Reprezentacja Polski w futnecie zajęła siódme miejsce podczas mistrzostw Europy, które odbywały się w Rumunii w dniach 4 – 6 lipca.
Biało-czerwoni rozegrali sześć spotkań – dwa wygrali, cztery przegrali. Turniej rozpoczęli od pewnego zwycięstwa nad Turcją 3:0. Następnie przegrali z Francją (0:3) i Czechami (0:3), ale pokonali Rumunię 2:1, co dało im awans do walki o miejsca 5–8.
W meczu z Ukrainą wygrali 2:1, lecz w starciu o 5. miejsce z Węgrami przegrali 0:3. Ostatecznie, dzięki wynikom innych spotkań w tej części turnieju, Polacy zakończyli mistrzostwa na 7. pozycji.
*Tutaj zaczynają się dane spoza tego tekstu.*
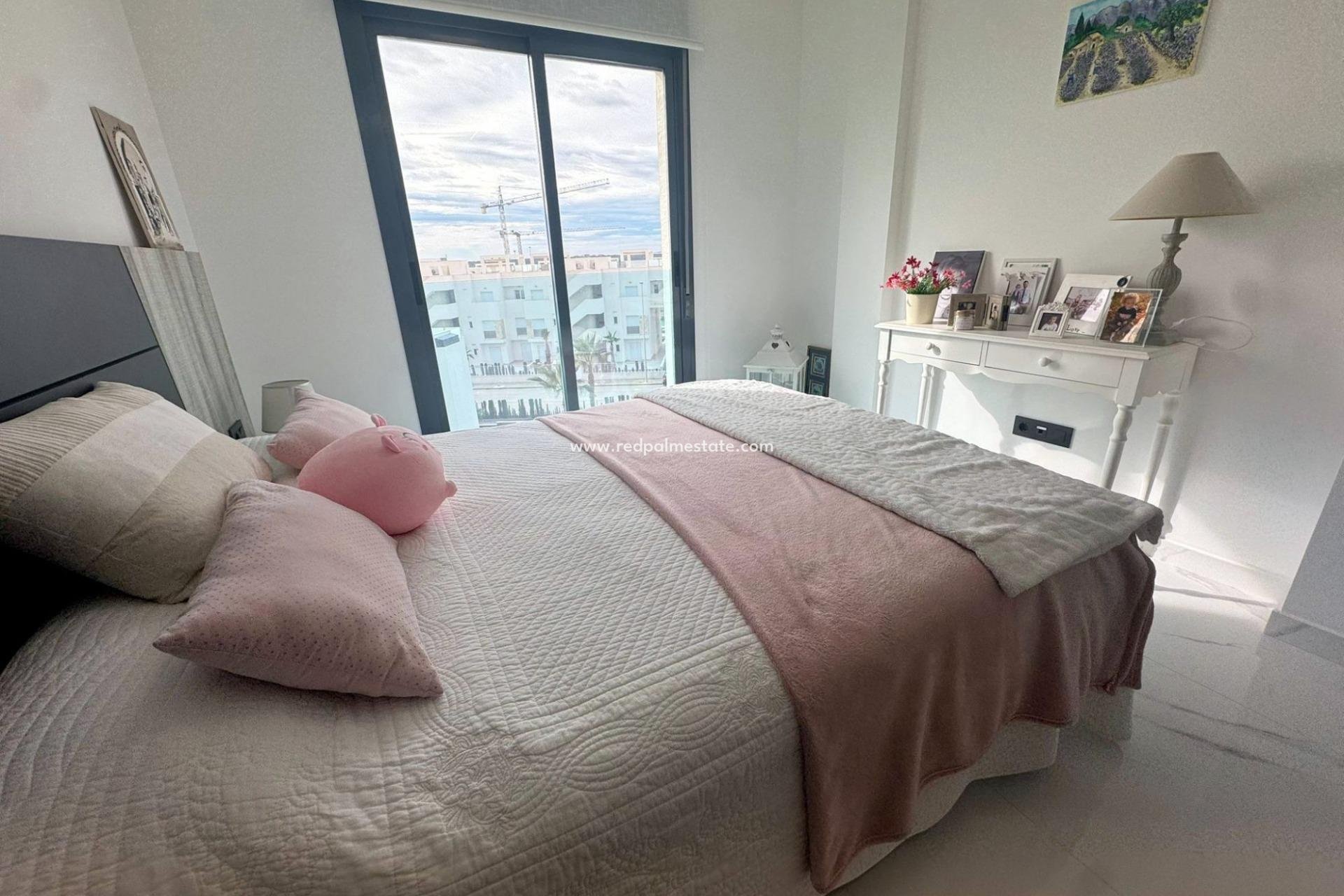 Revente - Bungalow -
Guardamar del Segura - El Raso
W kadrze na turniej znaleźli się również dwaj debiutanci z włoszczowskiego klubu Smecz: Jakub Matuszczyk i Michał Kubicz.
– To ogromna duma – zagrać z orzełkiem na piersi to marzenie każdego młodego sportowca. Ale to też odpowiedzialność. My, debiutanci, bardzo chcieliśmy pokazać, że zasługujemy na to powołanie. Myślę, że każdy z nas dał z siebie maksimum. Teraz tylko iść w górę – mówi Kubicz.
Zdaniem zawodnika z Włoszczowy, siódme miejsce dobrze odzwierciedla aktualny poziom reprezentacji, choć niewiele zabrakło do jeszcze lepszego wyniku.
– Jeśli chodzi o miejsce, to ono dobrze oddaje, gdzie obecnie jesteśmy. To pozycja zbliżona do naszej w rankingu europejskim. Ale było naprawdę blisko – jeden set dzielił nas od szóstego miejsca, jedna wygrana konkurencja z Węgrami od piątego, co byłoby historycznym wynikiem. Apetyt rośnie, ale my się nie załamujemy.
Oprócz debiutantów Kuby Matuszczyka i Michała Kubicza, w składzie reprezentacji Polski znaleźli się także Bartosz Frańczuk, Mateusz Śliwka oraz grający trener Michał Kłosiński.